Task directions:
The following data needs to be repeated exactly, with all images excluded.

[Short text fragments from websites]
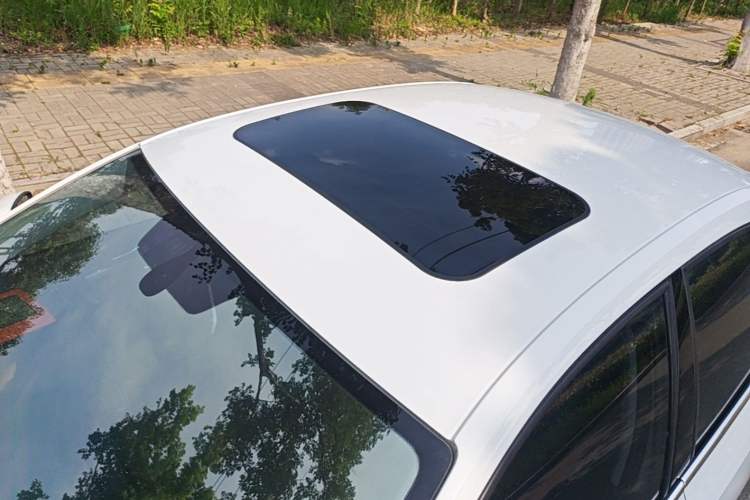 Used Volkswagen Sagitar 2018 1.6L Automatic Comfort Model Roof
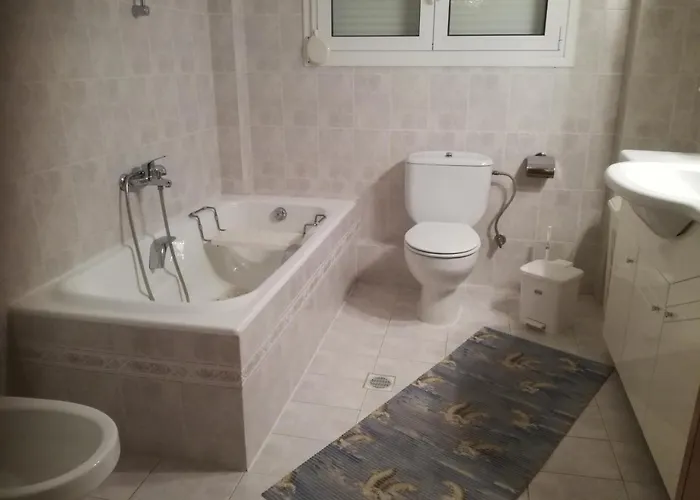 Nyaraló Mama Machi Korinósz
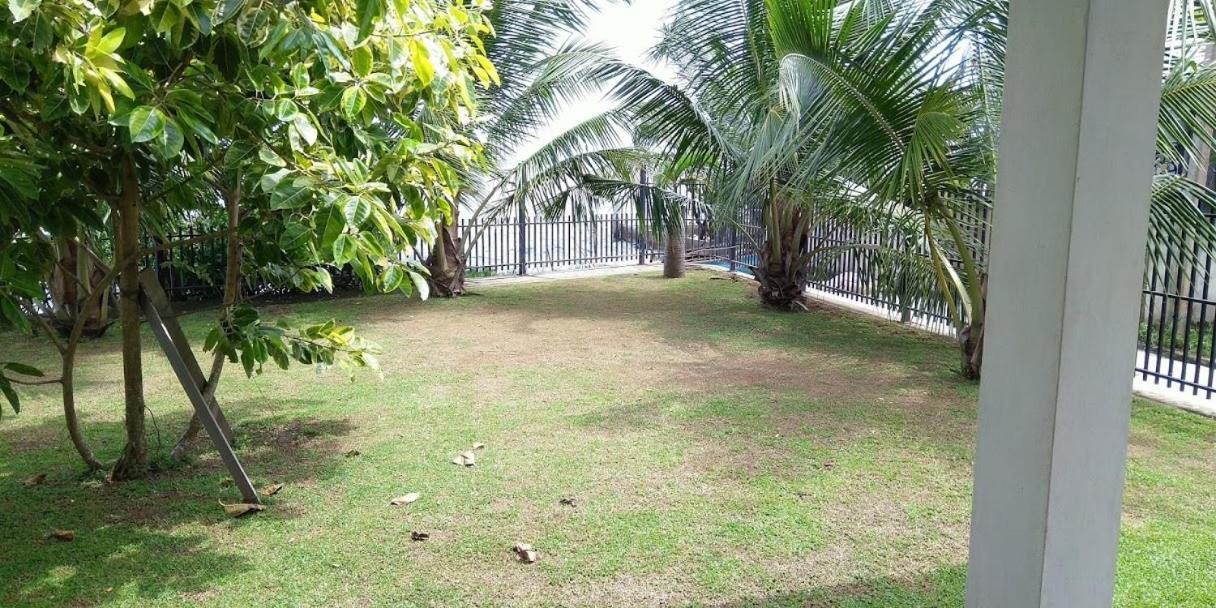 Negombo Holiday Home Екстер'єр фото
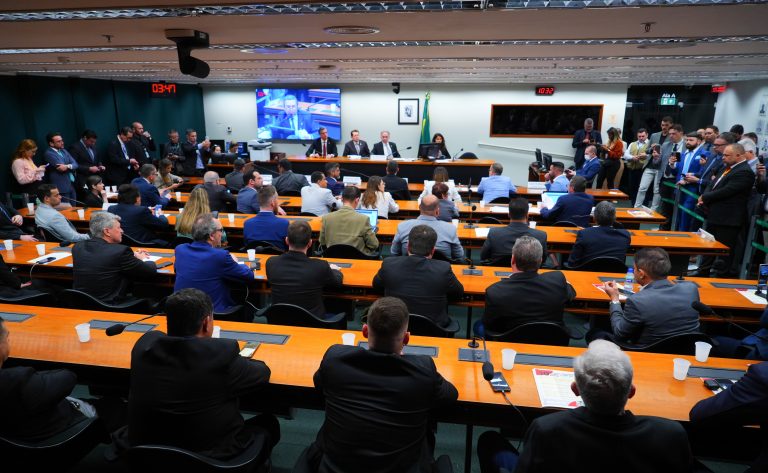 Proposta do governo para acabar com aulas obrigatórias de direção pode reduzir custos da CNH, mas preocupa especialistas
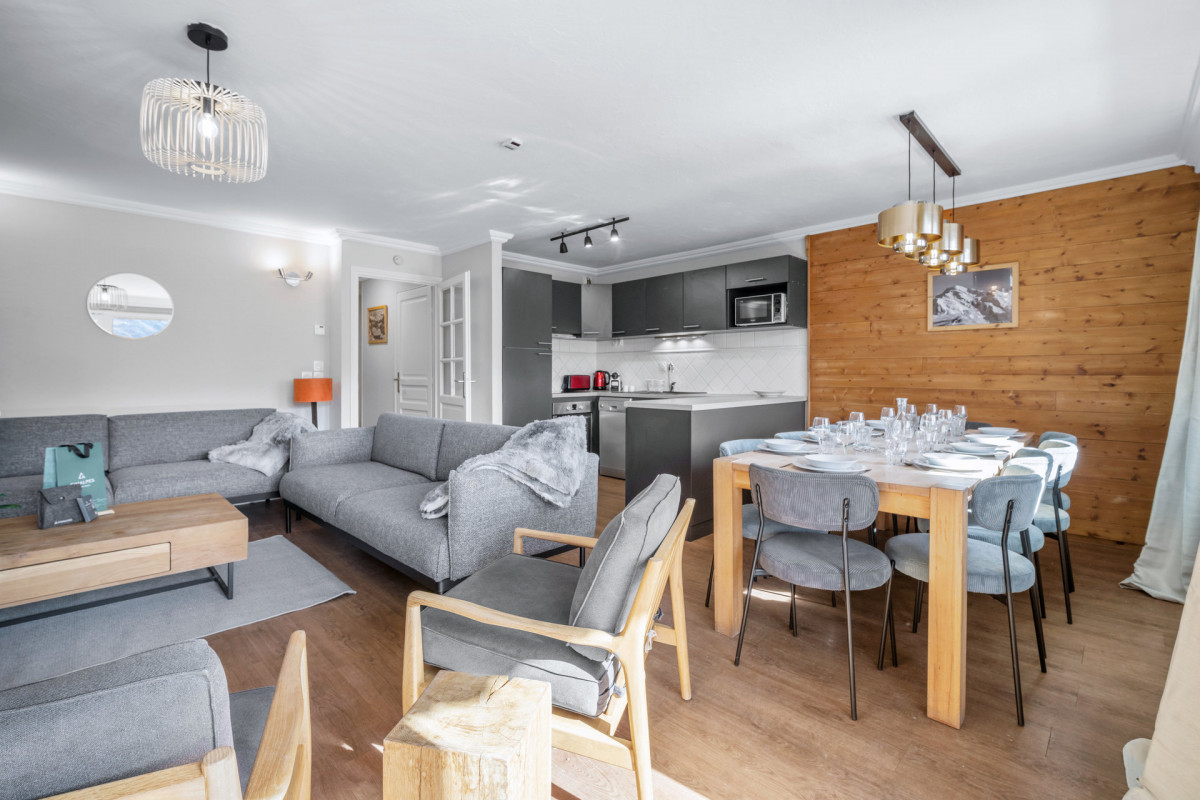 _lv_images__lot_0075553793_01_17584918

Task answer:
 Used Volkswagen Sagitar 2018 1.6L Automatic Comfort Model Roof
 Nyaraló Mama Machi Korinósz
 Negombo Holiday Home Екстер'єр фото
 Proposta do governo para acabar com aulas obrigatórias de direção pode reduzir custos da CNH, mas preocupa especialistas
 _lv_images__lot_0075553793_01_17584918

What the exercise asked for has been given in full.